Through the expansion of large-scale service systems and the exponential growth of data generated by complex IT infrastructure components, gaining a comprehensive overview of the different levels of service within an IT system has become increasingly challenging. In particular, this brought to the fore the question from a large commercial bank of how IT monitoring data streams generated by their complex IT infrastructure can be associated with one another.

In more detail, the data from the monitoring stream consists (among other things) of a message and a time stamp. Moreover, the monitoring data stream of this bank consists of two natures of information. These natures are either automatically generated warnings in the form of events or unplanned outages, referred to as incidents. The events and incidents are referred to as arrivals. As a first requirement to obtain better granularity, both event and incident messages with similar semantics should be grouped together. To this extent, the message component from each arrival is transformed into a numerical vector, the dimension of the obtained vector is reduced, and the collection of vectors is clustered. Once the individual arrival from the IT monitoring data stream is attached to a cluster based on their message component, the arrival is assigned a mark. This mark consists of a combination of the assigned cluster, the nature, and three different levels of service from the IT architecture on which the arrival occurred.

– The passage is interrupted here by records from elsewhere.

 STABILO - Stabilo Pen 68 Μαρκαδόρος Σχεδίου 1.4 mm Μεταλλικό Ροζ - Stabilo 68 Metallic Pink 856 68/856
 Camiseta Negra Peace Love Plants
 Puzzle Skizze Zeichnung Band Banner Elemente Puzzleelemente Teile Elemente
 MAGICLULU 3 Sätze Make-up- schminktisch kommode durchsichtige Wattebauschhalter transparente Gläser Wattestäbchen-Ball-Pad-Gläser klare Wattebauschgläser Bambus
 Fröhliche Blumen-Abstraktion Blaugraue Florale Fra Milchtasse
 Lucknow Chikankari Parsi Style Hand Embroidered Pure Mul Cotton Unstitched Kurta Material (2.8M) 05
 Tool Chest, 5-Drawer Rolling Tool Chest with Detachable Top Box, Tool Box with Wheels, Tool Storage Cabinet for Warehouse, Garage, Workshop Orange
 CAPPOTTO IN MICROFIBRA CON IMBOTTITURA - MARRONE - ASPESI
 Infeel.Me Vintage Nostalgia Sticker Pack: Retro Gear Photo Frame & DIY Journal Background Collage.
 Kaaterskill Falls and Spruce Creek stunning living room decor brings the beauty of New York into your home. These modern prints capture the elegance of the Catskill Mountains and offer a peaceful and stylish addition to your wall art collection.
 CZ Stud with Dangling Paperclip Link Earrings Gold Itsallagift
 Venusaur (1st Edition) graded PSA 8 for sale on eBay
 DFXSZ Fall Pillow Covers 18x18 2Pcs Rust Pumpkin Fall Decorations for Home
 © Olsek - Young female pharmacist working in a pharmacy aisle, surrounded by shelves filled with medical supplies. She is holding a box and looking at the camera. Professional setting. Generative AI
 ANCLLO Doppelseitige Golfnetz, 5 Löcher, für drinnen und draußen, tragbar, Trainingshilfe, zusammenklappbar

From a mathematical point of view, we can now view the monitoring data stream from different levels of service as a marked point process. Our primary focus centers on a specific category of marked point processes, known as marked Hawkes processes. Given the marked Hawkes process, we assume that each arrival from the IT monitoring data stream results in an instantaneous increase in the probability of some other arrivals in the near future. From here, we estimate the excitation matrix, representing the instantaneous increases among all assigned marks. Once the estimated excitation matrix is obtained, we decompose it into the different levels of service as defined within the mark. In particular, the decomposition has been performed through means of hierarchical linear models. Finally, the decomposition resulted in a comprehensive overview of the excitation behavior in large-scale service systems. This overview can directly be incorporated into the field of Software Architecture in order to uncover associations within complex IT infrastructures.